It is also true that the news was published in an official newspaper (which not many people read), after a massive cell phone announcement was sent out, and also broadcast on television, which not many people watch – from what I know, I can say with confidence that people in Havana are visibly fed up with the news and don’t pay much attention to the them.
At the time, the news came with a wave of rumors implicating an Ifa (Yoruba religion) priest, Alexander Gonzalez Rodriguez, a traditionalist African Babalawo. In the neighborhood gossip, he was being accused of having brought the snail from Africa, introducing it into Alamar, breeding it in his home and ultimately causing its appearance at the Alegres Campistas day care center near his home. He was visited by the police and members of the Popular Council, but faced nothing more serious from the legal point of view.
He did, however, face moral repercussions, to the extent that his neighbors continued to spread rumors, which tend to swell like a river when a phenomenon has no clear explanation.
This man, who made an offering of the snail’s clear fluids to the god Obbatala, claims he never bred the snails, that he has never been outside Cuba and that he has eaten the animal as part of a ritual in honor of his saint – but that he has nothing to do with its appearance around the neighborhood.
The snail’s appearance in Cuba is now being blamed on another Babalawo priest who visited Nigeria approximately three years ago as part of a religious journey, and about whom there is no official news. Is this true?
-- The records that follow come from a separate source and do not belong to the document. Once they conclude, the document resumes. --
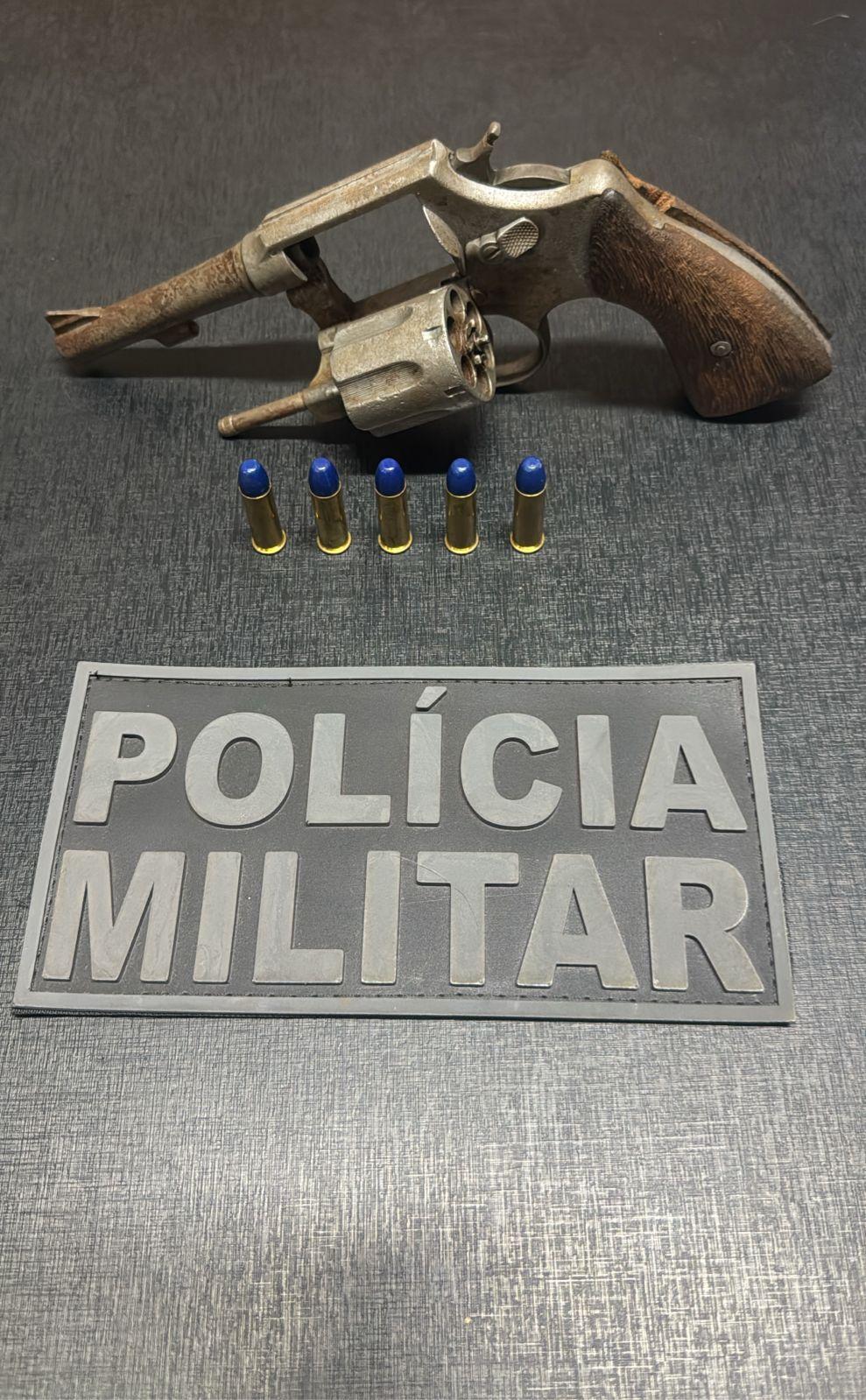 Suspeito é preso pela polícia após ameaçar companheira e portar arma de fogo Suspeito é preso pela polícia após ameaçar companheira e portar arma de fogo
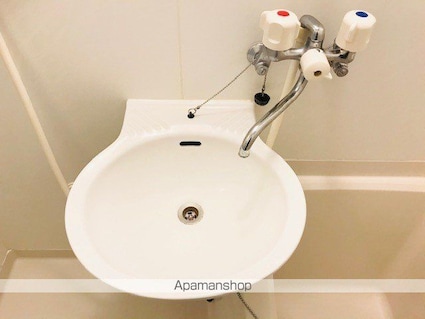 レオパレスパークヒルアオキ[1K/20.28m2]の洗面所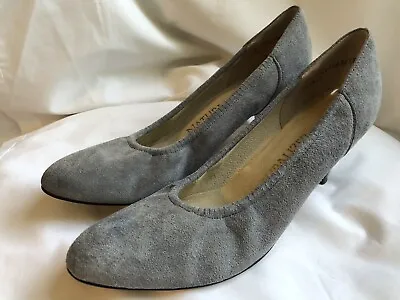 Naturalizer Soft Shoes Gray Suede Leather Pumps Vintage 7.5AA Almond Toe • $10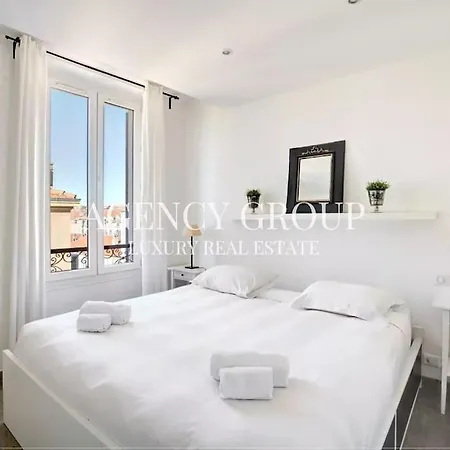 3 Pieces - Centre - Vue Suquet Cannes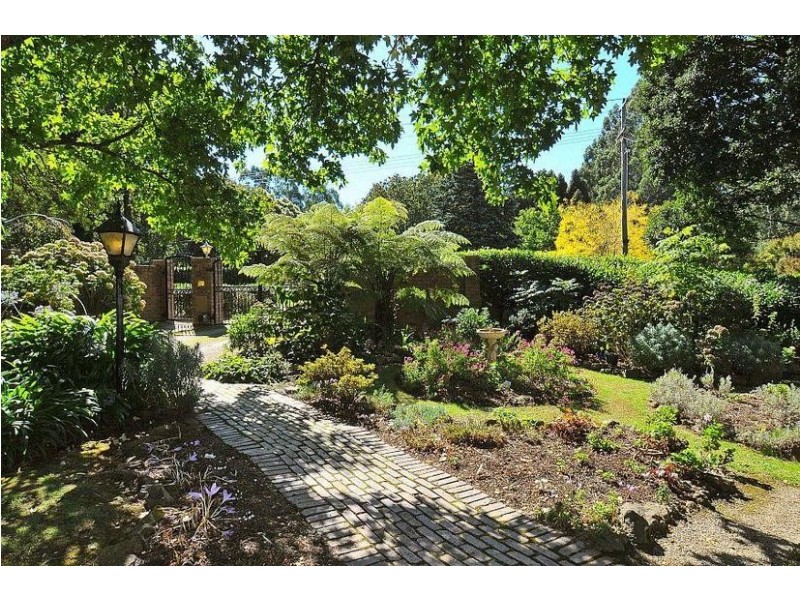 14 Old Coonara Road, Olinda VIC 3788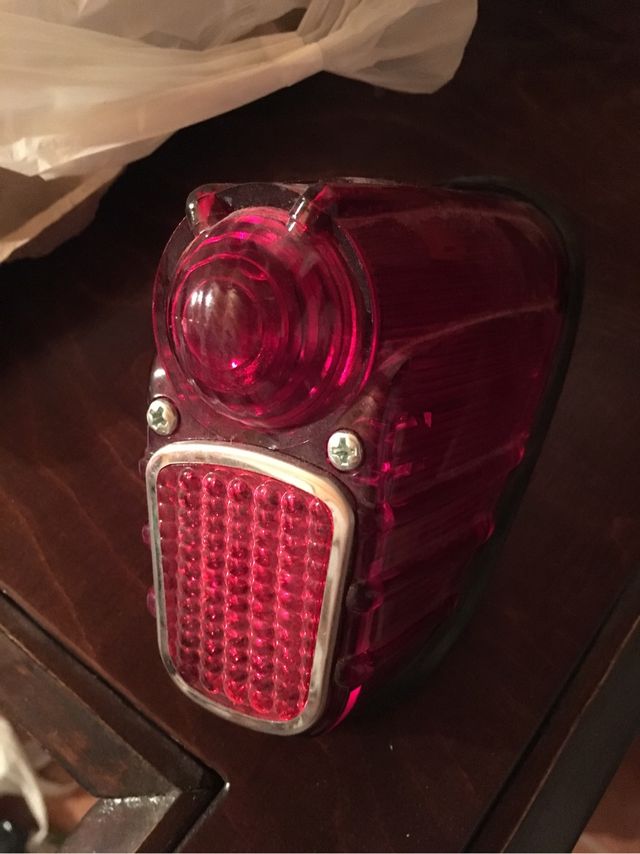 Piloto trasero r 4-4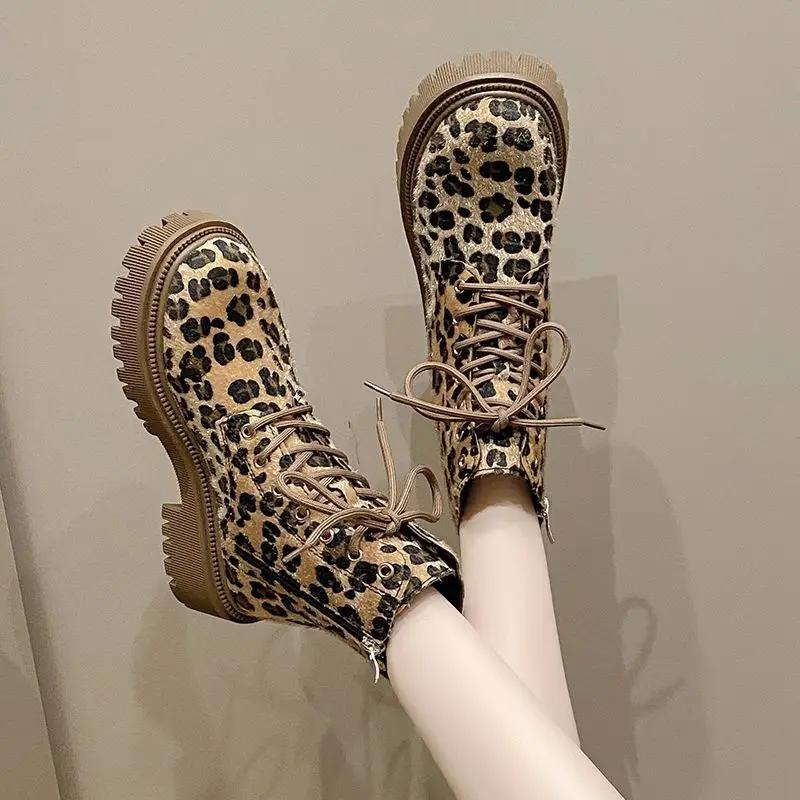 Fashion Woman Short Shoes Round Toe Autumn Winter Biker Ankle Boots for Women Print On Offer Chic and Elegant Y2k Booties Goth New Rock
I can’t say.
Now, the efforts to control the outbreak of dengue, the fear that Ebola could reach Cuba, the ups and downs of daily life in the face of “varying threats” (health dangers among these), is making Cubans and people in Havana engage in constant flights of fancy.
For the time being, the neighborhood day care center has re-opened (giving the children’s parents a break), and the Babalawo priest in this story continues with his life, as usual, having suffered the need to exonerate himself some.
According to the locals (and their mechanisms for spreading news, which aren’t always complete but convey part of the truth), he was either seen at the dog cemetery or at a building in Zone 13, or near the bushes or wooded area where the snail was first detected.
As health workers fumigate homes with fearful bazooka-like instruments and planes and trucks spray god-knows-what across the neighborhood (at six in the morning or a different time of day), telling us the dengue alert is one of the main health concerns today, news that the African snails are growing in numbers occasionally spread across Alamar.